Retrieve The Latest Twitter Trends

Here’s a simple and short tutorial on how to retrieve Twitter trends. We will be using PHP and Twitter’s API to retrieve the latest trends. You can publish the trends on your website, blog or any application you are working on. So, let’s get started.

Twitter has made trends available to anyone via API calls. The url of the API is: http://search.twitter.com/trends.json. Trends is also available in XML, but we will use JSON in this example.

To retrieve the string of data, we will use a PHP command called file_get_contents. We will suppress errors by placing an @ sign in front of file_get_contents. We will assign the string to a variable called $contents. So this is what we have so far.

$contents = @file_get_contents("http://search.twitter.com/trends.json");

$contents = @file_get_contents("http://search.twitter.com/trends.json");

Next, we will check if we have the correct response from the http_header. We will check for the code “200”, meaning we have a valid response. We will use the PHP command called strpos to find the needle in the haystack.

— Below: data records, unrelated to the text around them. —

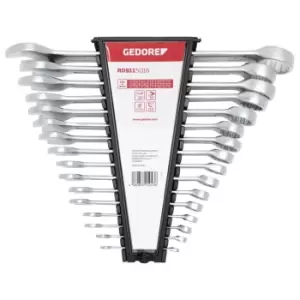 Image of Gedore Combination span.set AF1/4-1.1/4 16pcs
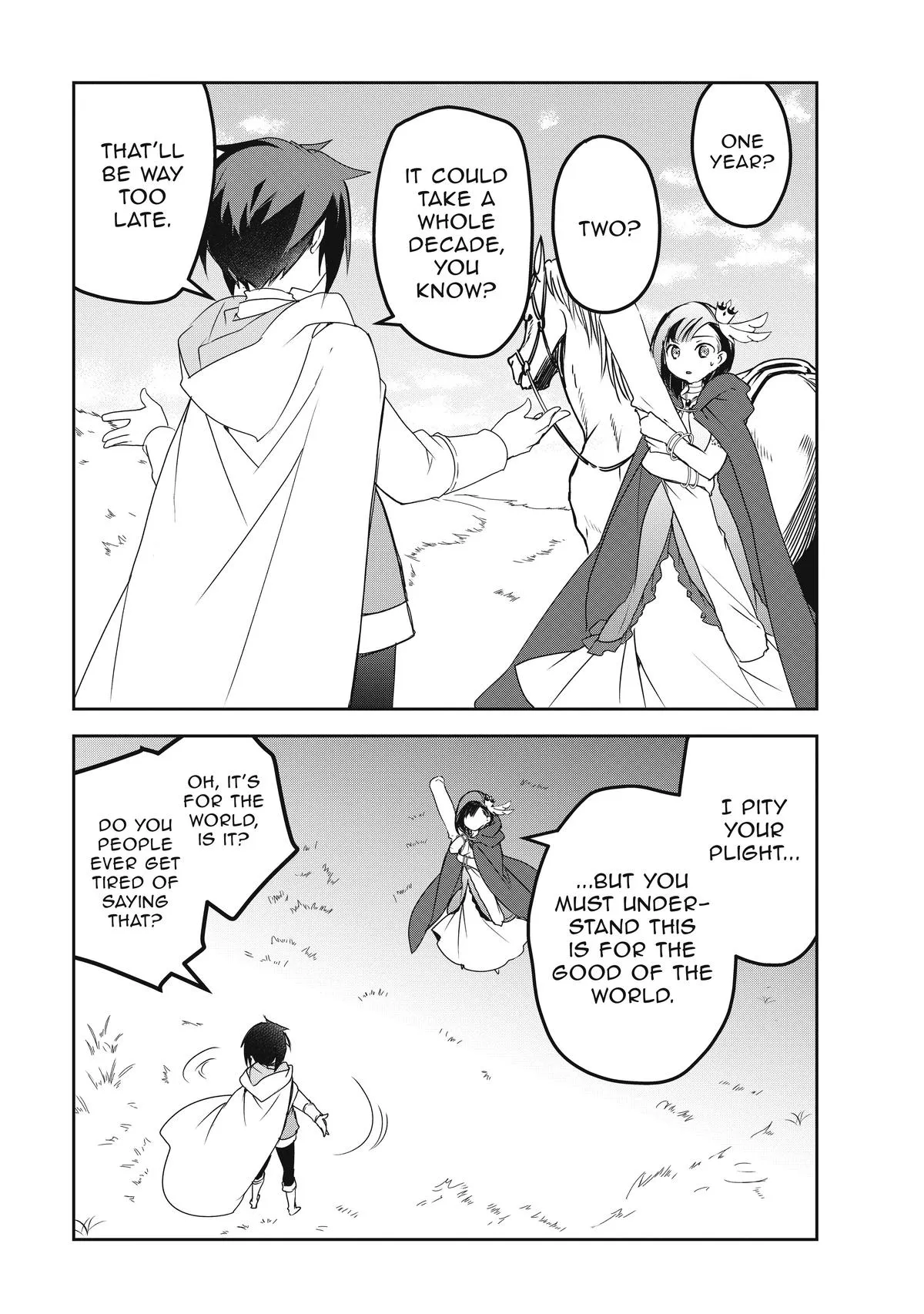 Read The Magic in this Other World is Too Far Behind! Manga Online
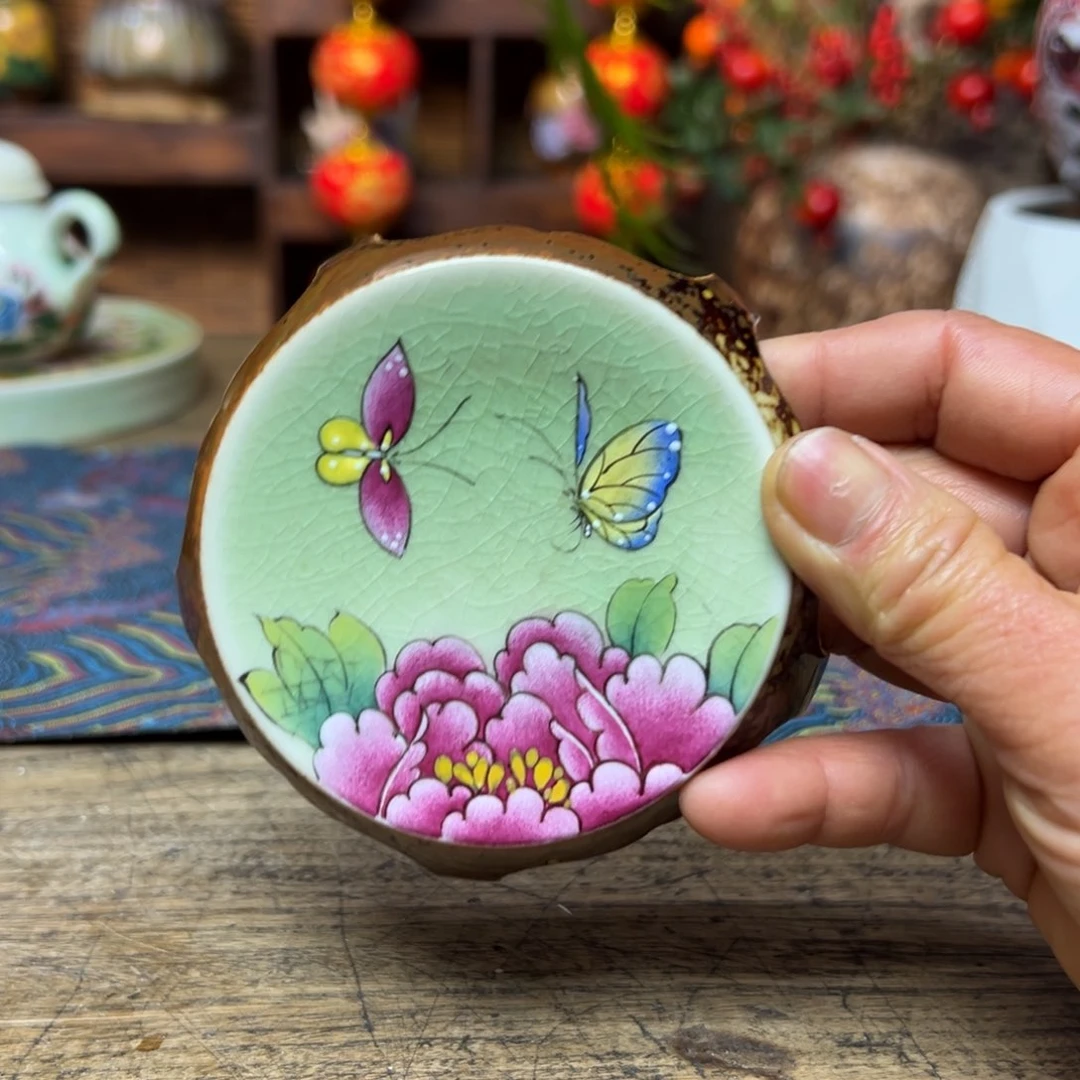 瓷片景德镇陶瓷刘道标原创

The needle in this case is “200.” We will look for it starting at position “0.” The format is going to be like this.

$contents = @file_get_contents("http://search.twitter.com/trends.json");
if (strpos($http_response_header[0], "200")) {
  echo "ok";
} else {
  echo "fail"
}

$contents = @file_get_contents("http://search.twitter.com/trends.json"); if (strpos($http_response_header[0], "200")) { echo "ok"; } else { echo "fail" }

Ok, so we now have a JSON string assigned to the variable named $contents. We just need to decode it using the PHP command called “json_decode” and assign it to the $json array variable. Next, we will run a foreach contruct to echo each trend name.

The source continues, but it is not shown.